| INFORMATION SHOWN |

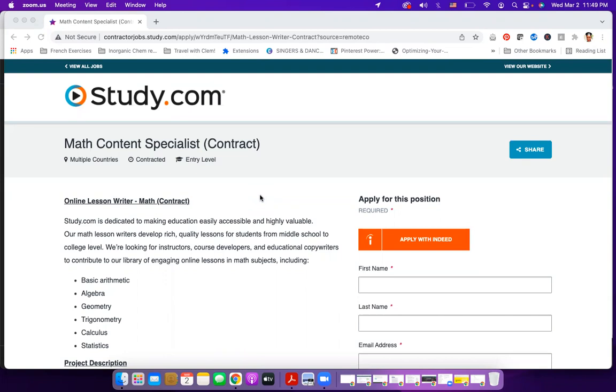Now, let's talk about this company. Study.com is a company that focuses on offering educational contents to people around the world, and they also offer content across different specialties. Right now, they are looking for somebody to help them in creating math content, and as you can see here, they are looking for people from different countries.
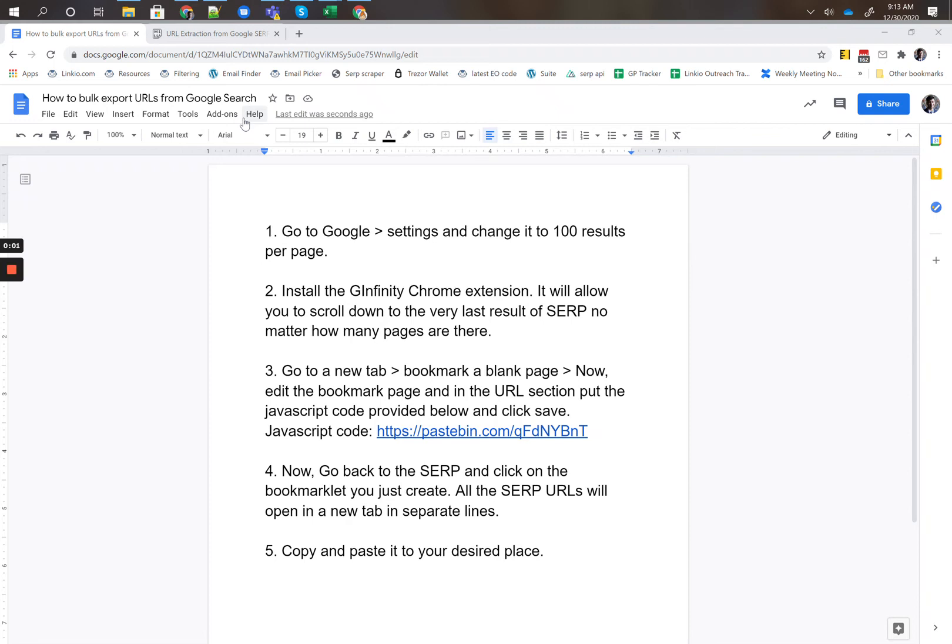When you're doing your prospecting, there will be times where you want to do a Google search and export all of the results so you can further analyze each of the URL opportunities. Here's a quick way to do a Google search and then export all of the results in bulk.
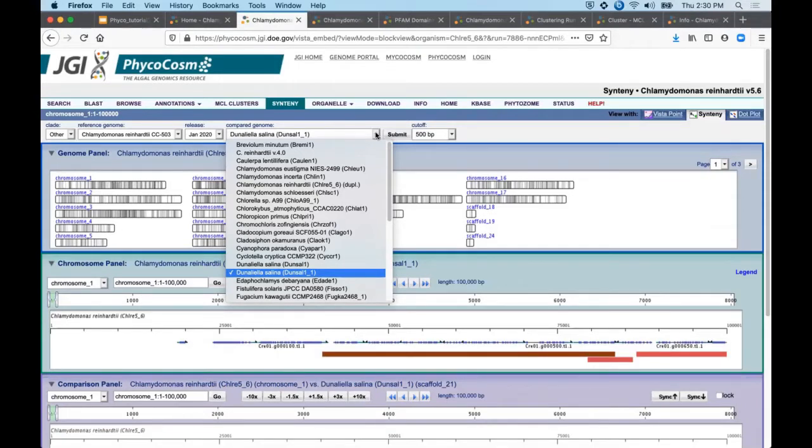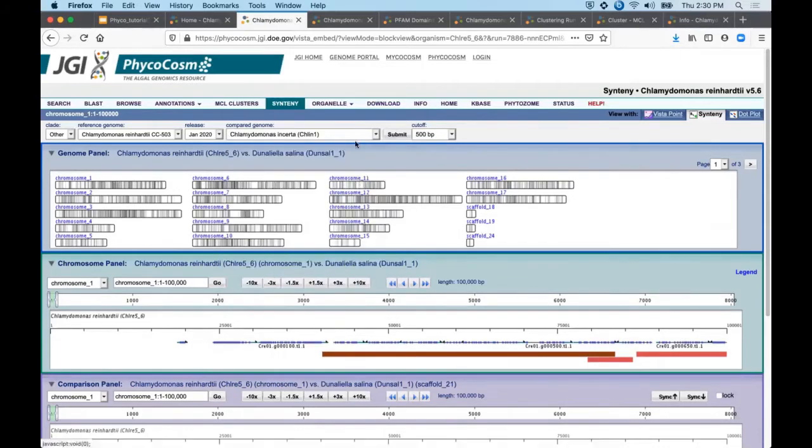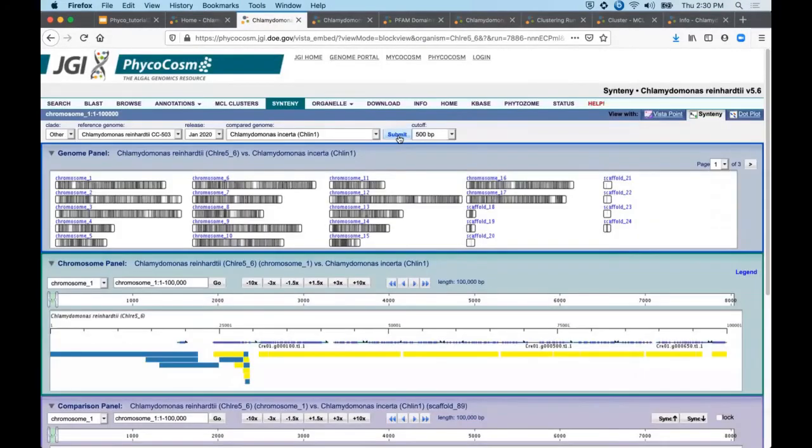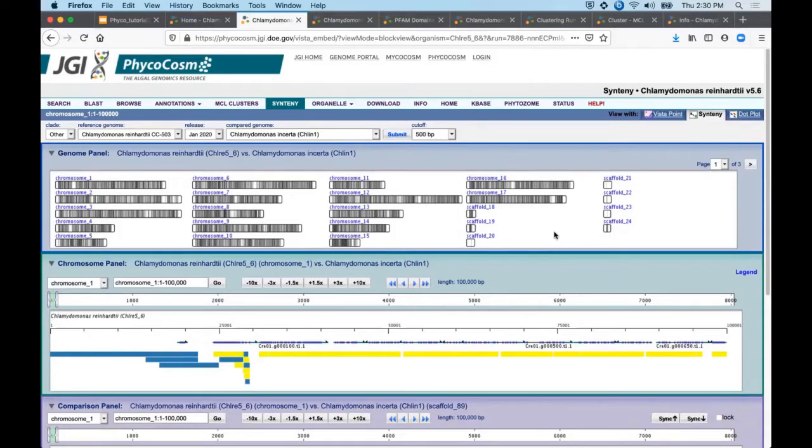I've started with a distant comparator, Dunaliella salina, pre-selected here, and now I will choose a more closely related species, Chlamydomonas incerta. After clicking submit, you'll see that this graphical overview of the alignment is updated. These dark and light bands represent the relative degree of synteny between our two selected species.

| TASK INSTRUCTIONS |
The line with "When you're doing" and each line after it, through the final line of the data, are to be duplicated exactly, with pictures left out and nothing more included.

| SOLVED EXERCISE |
When you're doing your prospecting, there will be times where you want to do a Google search and export all of the results so you can further analyze each of the URL opportunities. Here's a quick way to do a Google search and then export all of the results in bulk.
I've started with a distant comparator, Dunaliella salina, pre-selected here, and now I will choose a more closely related species, Chlamydomonas incerta. After clicking submit, you'll see that this graphical overview of the alignment is updated. These dark and light bands represent the relative degree of synteny between our two selected species.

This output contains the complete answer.